Por todas partes gente, mangueras, podadores, limpiadores… Era el día del parque. Le tocaba aseo al parque. Allá al final estaba el arbusto bajo cuyas ramas había dejado mi bolsa con mi saco de dormir, mi tesoro, mi vida, mi posesión, mi riqueza…  Corrí hacia él.
¡Noooo…! Grité. No estaba. Los empleados de la limpieza pública y los jardineros me miraban. Busqué la bolsa con angustia por todas partes, revolví todos los cubos de basura y entonces fue cuando sentí la pobreza absoluta. Me dejé caer al suelo, de rodillas, derrumbado, perdida la guerra de la vida. Ahora sí sentía el inmenso peso de la soledad y la miseria, el vacío más absoluto.  La vida ya no valía la pena.
Ni fuerzas para llorar tenía. Los ojos se secaron al instante.
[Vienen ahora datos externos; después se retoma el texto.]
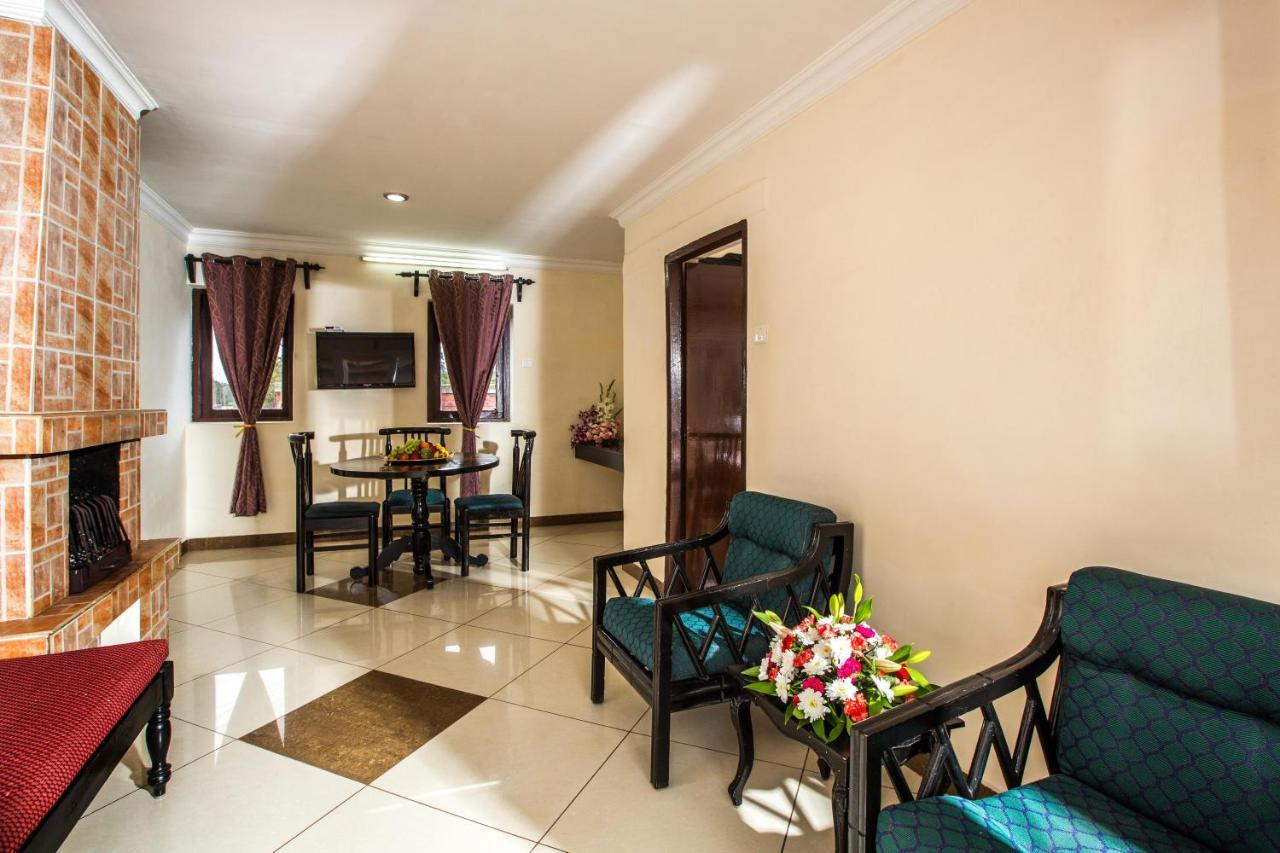 Hotel Lakeview Утакаманд Экстерьер фото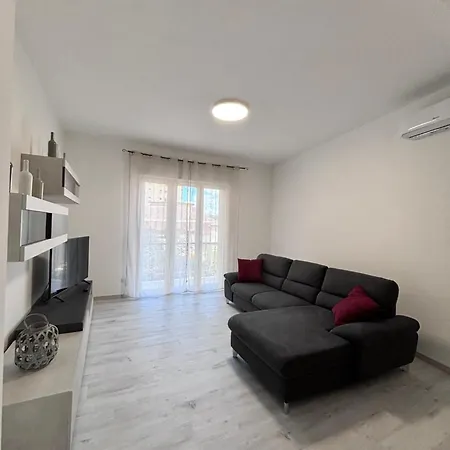 Grey House Apartment Arezzo Exterior photo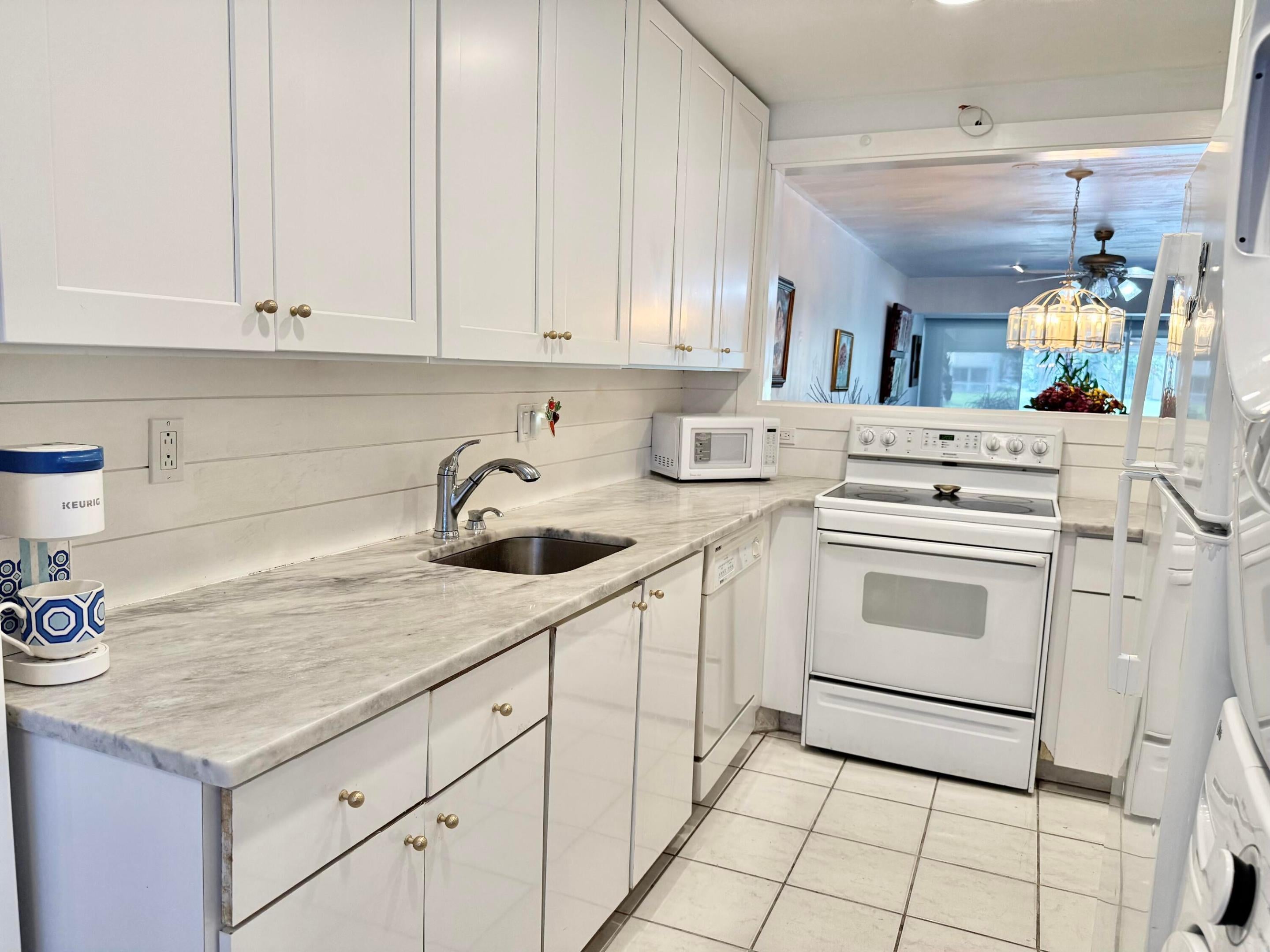 View photos, virtual tours, details... 1421 NW 19th Terrace 102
El suelo me parecía la única entrañable caricia en aquel mundo. Y en eso estaba cuando uno de aquellos empleados se me acercó.
—¿Busca usted algo?
—Una bolsa —contesté con desgana.
—Está allí, junto al camión de la basura. La vio el jardinero y pensó… que alguien la reclamaría…
Tardé un poco en reaccionar. La sangre volvía a mi cuerpo. Las células parecían querer vivir. Mis ojos enrojecidos se dirigieron hacia donde el hombre me señalaba y sí allí estaba. Allí mi sueño, allí mi vida, allí mi tesoro, allí mi posesión, allí mi tranquilidad, allí mis noches calientes, allí la paz y seguridad de mi hogar…
Cogí la bolsa, la abrí y contemplé mi saco, abrazándome luego a él, llenándolo de besos y entonces me cubrí con él como un manto real y volví a sonreír y a ser feliz.

Y colorín colorado este sueño se ha acabado.